Top of RECORDS SUPPLIED

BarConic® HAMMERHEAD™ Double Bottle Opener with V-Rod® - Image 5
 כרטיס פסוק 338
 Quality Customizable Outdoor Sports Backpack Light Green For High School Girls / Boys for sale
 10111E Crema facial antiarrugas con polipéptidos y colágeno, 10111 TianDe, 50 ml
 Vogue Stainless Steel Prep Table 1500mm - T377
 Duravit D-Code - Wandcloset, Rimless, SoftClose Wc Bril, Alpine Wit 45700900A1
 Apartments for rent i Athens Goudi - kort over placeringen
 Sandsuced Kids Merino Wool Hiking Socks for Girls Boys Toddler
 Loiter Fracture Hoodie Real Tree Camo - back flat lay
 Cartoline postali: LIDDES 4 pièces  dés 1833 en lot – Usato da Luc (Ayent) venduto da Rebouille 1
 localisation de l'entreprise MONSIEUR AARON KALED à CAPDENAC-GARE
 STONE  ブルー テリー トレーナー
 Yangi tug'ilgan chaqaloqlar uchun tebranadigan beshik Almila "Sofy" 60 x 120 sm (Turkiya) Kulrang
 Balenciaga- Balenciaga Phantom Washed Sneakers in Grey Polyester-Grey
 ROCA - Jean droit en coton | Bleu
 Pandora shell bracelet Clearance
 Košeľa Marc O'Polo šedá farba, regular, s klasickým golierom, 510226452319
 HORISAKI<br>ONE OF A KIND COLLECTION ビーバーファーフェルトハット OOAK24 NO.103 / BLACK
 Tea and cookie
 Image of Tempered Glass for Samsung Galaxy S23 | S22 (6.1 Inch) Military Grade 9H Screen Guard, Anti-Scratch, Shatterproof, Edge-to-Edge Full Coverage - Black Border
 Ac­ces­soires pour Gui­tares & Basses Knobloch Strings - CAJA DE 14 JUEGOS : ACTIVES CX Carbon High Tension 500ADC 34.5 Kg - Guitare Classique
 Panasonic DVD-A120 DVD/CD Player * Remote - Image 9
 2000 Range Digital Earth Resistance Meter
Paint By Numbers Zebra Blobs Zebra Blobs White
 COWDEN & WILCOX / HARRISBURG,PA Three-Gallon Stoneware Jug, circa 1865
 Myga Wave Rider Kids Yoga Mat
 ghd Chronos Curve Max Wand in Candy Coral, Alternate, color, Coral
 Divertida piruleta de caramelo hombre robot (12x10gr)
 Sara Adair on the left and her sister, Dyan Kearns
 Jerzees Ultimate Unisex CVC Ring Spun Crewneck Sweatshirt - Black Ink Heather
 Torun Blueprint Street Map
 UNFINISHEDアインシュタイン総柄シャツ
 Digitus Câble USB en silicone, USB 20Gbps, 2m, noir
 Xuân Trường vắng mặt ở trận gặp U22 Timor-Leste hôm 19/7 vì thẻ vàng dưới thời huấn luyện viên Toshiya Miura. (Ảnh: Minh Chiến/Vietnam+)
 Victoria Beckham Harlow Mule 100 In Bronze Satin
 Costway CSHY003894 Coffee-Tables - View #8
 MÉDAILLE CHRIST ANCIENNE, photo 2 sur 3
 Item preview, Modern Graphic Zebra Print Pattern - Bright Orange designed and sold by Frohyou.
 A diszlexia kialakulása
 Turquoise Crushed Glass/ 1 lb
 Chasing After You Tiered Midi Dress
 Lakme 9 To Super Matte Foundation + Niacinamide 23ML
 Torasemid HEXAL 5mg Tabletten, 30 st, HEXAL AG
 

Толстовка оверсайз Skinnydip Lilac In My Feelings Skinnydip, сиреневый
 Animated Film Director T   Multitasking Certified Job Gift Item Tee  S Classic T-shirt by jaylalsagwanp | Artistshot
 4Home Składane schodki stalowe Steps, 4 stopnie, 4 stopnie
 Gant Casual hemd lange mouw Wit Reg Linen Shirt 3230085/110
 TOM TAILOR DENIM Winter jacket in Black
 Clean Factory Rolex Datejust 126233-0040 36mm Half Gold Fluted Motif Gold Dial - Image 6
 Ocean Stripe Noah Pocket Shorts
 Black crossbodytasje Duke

Bottom of RECORDS SUPPLIED

WORK TO BE COMPLETED:
Please copy each line of the records above that holds the word "Boys".

REPLY TO THE TASK:
 Quality Customizable Outdoor Sports Backpack Light Green For High School Girls / Boys for sale
 Sandsuced Kids Merino Wool Hiking Socks for Girls Boys Toddler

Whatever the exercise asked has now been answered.